If you are just beginning your time at Westminster, keep in mind that every person you meet may be a potential contact for future employment. Foster relationships with students and professors. Remember that fellowship in the Lord’s family is not just meant to be recreational; God uses fellow Christians for his purposes and he may well use a brother or sister to help you acquire a ministry position.

If you are nearing the end of your time at Westminster but spent every waking second tucked away in an isolated corner of the library, you may have difficulty tapping into a network of people who will keep their ears open for an ordained position suited to you. However, do not despair; it is never too late to reach out to others and to help those who reach out to you.  

Other Places for Networking

Presbytery: It is important to get involved in your local presbytery. Not only will you make valuable contacts with the denomination in which you hope to be an ordained member, you will also gain professional insight into the workings of the church and how to avoid problems and issues faced by churches in your denomination.

Mentored Ministry: Mentored Ministry does more than give you useful and relevant ministry experience; it provides you with valuable exposure to mentors who will see your work firsthand and be able to give you advice and tips on finding ordained ministry. Perhaps you can even acquire a position with the church where you were mentored. At the very least, your mentor should be able to point you in the direction of people to contact regarding ordained ministry.  

Home Church: If you have been involved in your hometown church, there may be valuable contacts for you there. Your pastor, elders, deacons and church members may know of open positions within your denomination. They may also be able to spread the word about your job hunt and be willing to provide references for you.

Internships: If you held an internship during college or at Westminster, make sure that the place where you interned is aware of your job hunt as well. They may be interested in hiring you in an ordained capacity. If you worked for a Christian organization, they may have information on churches looking for ministers within your denomination. You never know where you will find your next lead.

Conferences/Professional Meetings:

Conferences and professional meetings are a great way not only to increase your professional knowledge but also to meet people with common interests and affiliations. This is especially true of conferences for ministers. Within this section we highlight the conferences most helpful in pursuing your desire to become a minister.

Westminster Conferences: Westminster has several conferences throughout the year that may be useful for building a contact list, particularly within the PCA and OPC denominations. Of special interest is the preaching conference. Make sure that you check the Westminster website to stay informed about conferences held at Westminster.

Presbytery: Going to presbytery meetings regularly will help you form contacts within your target denomination, as well as gain insight into how particular church and ministry situations are handled. Knowing the right people within your denomination will be beneficial for finding the right ordained position.

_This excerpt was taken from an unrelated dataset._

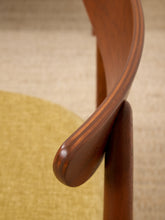Load image into Gallery viewer, Set a Five Mid-Century Modern Walnut Boomerang Dining Chairs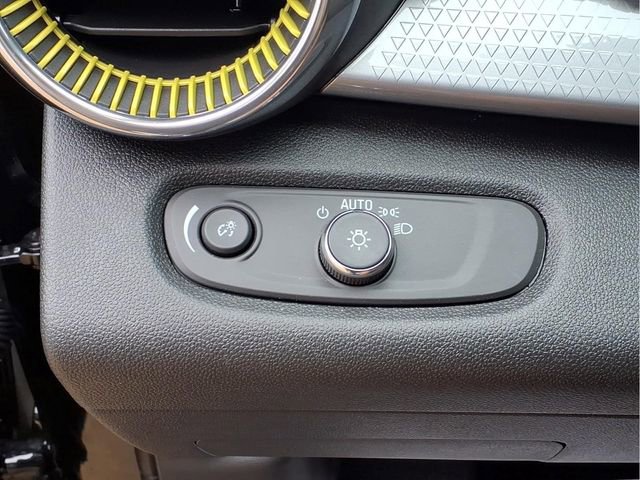 Used 2026 Chevrolet Trax LT FWD image 15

Other Seminaries: Another possible option to look into is conferences at other seminaries, particularly Reformed seminaries. You may be able to make valuable contacts that would not otherwise have been available.

Denominational Conferences: Many denominations hold conferences throughout the year with a specific theme or ministry topic. Make sure to stay informed about your particular denomination’s conferences for the year.

Non-Denominational Conferences: Many non-denominational conferences are held during the year. These provide excellent opportunities to learn more about different aspects of ministry and to extend your networking efforts. Organizations that hold annual conferences include: Christian Counseling and Education Foundation (CCEF), the Gospel Coalition, Together for the Gospel (T4G), and the Alliance of Confessing Evangelicals (particularly, the annual Philadelphia Conference on Reformed Theology). Make sure to stay abreast of when these and other conferences are held so that you don’t miss a valuable opportunity to network.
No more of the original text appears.